Records START

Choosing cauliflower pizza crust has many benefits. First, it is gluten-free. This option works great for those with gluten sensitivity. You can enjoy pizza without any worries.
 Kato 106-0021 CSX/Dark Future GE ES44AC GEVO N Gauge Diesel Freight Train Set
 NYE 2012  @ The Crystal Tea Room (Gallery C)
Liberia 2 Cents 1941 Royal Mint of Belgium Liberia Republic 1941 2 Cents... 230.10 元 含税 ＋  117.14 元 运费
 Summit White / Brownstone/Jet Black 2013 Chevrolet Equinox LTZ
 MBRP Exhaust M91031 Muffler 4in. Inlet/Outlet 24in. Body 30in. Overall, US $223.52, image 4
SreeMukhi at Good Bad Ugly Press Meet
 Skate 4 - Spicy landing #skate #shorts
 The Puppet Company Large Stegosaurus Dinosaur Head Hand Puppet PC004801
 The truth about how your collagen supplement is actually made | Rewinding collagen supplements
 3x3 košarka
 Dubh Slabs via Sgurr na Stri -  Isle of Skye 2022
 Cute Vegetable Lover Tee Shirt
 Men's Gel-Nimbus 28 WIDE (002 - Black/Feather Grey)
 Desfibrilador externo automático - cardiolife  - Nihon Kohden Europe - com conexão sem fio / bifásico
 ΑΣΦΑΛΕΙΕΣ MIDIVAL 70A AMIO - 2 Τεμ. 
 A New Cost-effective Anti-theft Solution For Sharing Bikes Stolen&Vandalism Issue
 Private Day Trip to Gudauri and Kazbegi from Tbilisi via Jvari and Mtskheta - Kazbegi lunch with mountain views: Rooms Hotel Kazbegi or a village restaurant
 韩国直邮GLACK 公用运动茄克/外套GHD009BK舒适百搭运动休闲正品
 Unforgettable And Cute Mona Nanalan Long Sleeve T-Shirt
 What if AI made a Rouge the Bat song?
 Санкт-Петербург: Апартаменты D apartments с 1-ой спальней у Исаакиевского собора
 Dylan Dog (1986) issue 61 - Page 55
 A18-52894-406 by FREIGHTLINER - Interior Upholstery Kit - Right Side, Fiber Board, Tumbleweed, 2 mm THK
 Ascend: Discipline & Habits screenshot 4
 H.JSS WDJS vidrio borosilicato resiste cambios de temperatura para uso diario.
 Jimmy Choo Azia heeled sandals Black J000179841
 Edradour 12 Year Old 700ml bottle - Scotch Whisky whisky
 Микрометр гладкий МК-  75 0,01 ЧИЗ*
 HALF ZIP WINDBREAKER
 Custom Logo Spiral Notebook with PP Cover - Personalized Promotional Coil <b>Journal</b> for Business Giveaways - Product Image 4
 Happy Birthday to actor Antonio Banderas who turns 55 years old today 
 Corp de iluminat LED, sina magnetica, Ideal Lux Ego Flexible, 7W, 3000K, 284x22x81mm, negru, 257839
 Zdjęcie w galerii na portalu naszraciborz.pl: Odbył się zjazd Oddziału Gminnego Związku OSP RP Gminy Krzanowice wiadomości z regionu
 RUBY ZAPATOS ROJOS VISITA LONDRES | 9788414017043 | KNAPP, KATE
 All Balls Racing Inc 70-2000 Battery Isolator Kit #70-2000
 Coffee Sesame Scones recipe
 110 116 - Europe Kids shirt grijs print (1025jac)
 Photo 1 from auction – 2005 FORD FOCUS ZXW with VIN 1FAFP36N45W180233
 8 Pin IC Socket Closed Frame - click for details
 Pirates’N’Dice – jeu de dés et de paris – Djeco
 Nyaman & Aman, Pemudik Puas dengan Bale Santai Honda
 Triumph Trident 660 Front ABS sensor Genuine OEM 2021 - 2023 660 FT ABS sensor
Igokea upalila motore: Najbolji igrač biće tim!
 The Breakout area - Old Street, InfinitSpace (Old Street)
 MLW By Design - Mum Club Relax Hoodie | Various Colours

Records END

### Exercise directions:
Every line of the listing is to be transcribed exactly.

### The answer:
Choosing cauliflower pizza crust has many benefits. First, it is gluten-free. This option works great for those with gluten sensitivity. You can enjoy pizza without any worries.
 Kato 106-0021 CSX/Dark Future GE ES44AC GEVO N Gauge Diesel Freight Train Set
 NYE 2012  @ The Crystal Tea Room (Gallery C)
Liberia 2 Cents 1941 Royal Mint of Belgium Liberia Republic 1941 2 Cents... 230.10 元 含税 ＋  117.14 元 运费
 Summit White / Brownstone/Jet Black 2013 Chevrolet Equinox LTZ
 MBRP Exhaust M91031 Muffler 4in. Inlet/Outlet 24in. Body 30in. Overall, US $223.52, image 4
SreeMukhi at Good Bad Ugly Press Meet
 Skate 4 - Spicy landing #skate #shorts
 The Puppet Company Large Stegosaurus Dinosaur Head Hand Puppet PC004801
 The truth about how your collagen supplement is actually made | Rewinding collagen supplements
 3x3 košarka
 Dubh Slabs via Sgurr na Stri -  Isle of Skye 2022
 Cute Vegetable Lover Tee Shirt
 Men's Gel-Nimbus 28 WIDE (002 - Black/Feather Grey)
 Desfibrilador externo automático - cardiolife  - Nihon Kohden Europe - com conexão sem fio / bifásico
 ΑΣΦΑΛΕΙΕΣ MIDIVAL 70A AMIO - 2 Τεμ. 
 A New Cost-effective Anti-theft Solution For Sharing Bikes Stolen&Vandalism Issue
 Private Day Trip to Gudauri and Kazbegi from Tbilisi via Jvari and Mtskheta - Kazbegi lunch with mountain views: Rooms Hotel Kazbegi or a village restaurant
 韩国直邮GLACK 公用运动茄克/外套GHD009BK舒适百搭运动休闲正品
 Unforgettable And Cute Mona Nanalan Long Sleeve T-Shirt
 What if AI made a Rouge the Bat song?
 Санкт-Петербург: Апартаменты D apartments с 1-ой спальней у Исаакиевского собора
 Dylan Dog (1986) issue 61 - Page 55
 A18-52894-406 by FREIGHTLINER - Interior Upholstery Kit - Right Side, Fiber Board, Tumbleweed, 2 mm THK
 Ascend: Discipline & Habits screenshot 4
 H.JSS WDJS vidrio borosilicato resiste cambios de temperatura para uso diario.
 Jimmy Choo Azia heeled sandals Black J000179841
 Edradour 12 Year Old 700ml bottle - Scotch Whisky whisky
 Микрометр гладкий МК-  75 0,01 ЧИЗ*
 HALF ZIP WINDBREAKER
 Custom Logo Spiral Notebook with PP Cover - Personalized Promotional Coil <b>Journal</b> for Business Giveaways - Product Image 4
 Happy Birthday to actor Antonio Banderas who turns 55 years old today 
 Corp de iluminat LED, sina magnetica, Ideal Lux Ego Flexible, 7W, 3000K, 284x22x81mm, negru, 257839
 Zdjęcie w galerii na portalu naszraciborz.pl: Odbył się zjazd Oddziału Gminnego Związku OSP RP Gminy Krzanowice wiadomości z regionu
 RUBY ZAPATOS ROJOS VISITA LONDRES | 9788414017043 | KNAPP, KATE
 All Balls Racing Inc 70-2000 Battery Isolator Kit #70-2000
 Coffee Sesame Scones recipe
 110 116 - Europe Kids shirt grijs print (1025jac)
 Photo 1 from auction – 2005 FORD FOCUS ZXW with VIN 1FAFP36N45W180233
 8 Pin IC Socket Closed Frame - click for details
 Pirates’N’Dice – jeu de dés et de paris – Djeco
 Nyaman & Aman, Pemudik Puas dengan Bale Santai Honda
 Triumph Trident 660 Front ABS sensor Genuine OEM 2021 - 2023 660 FT ABS sensor
Igokea upalila motore: Najbolji igrač biće tim!
 The Breakout area - Old Street, InfinitSpace (Old Street)
 MLW By Design - Mum Club Relax Hoodie | Various Colours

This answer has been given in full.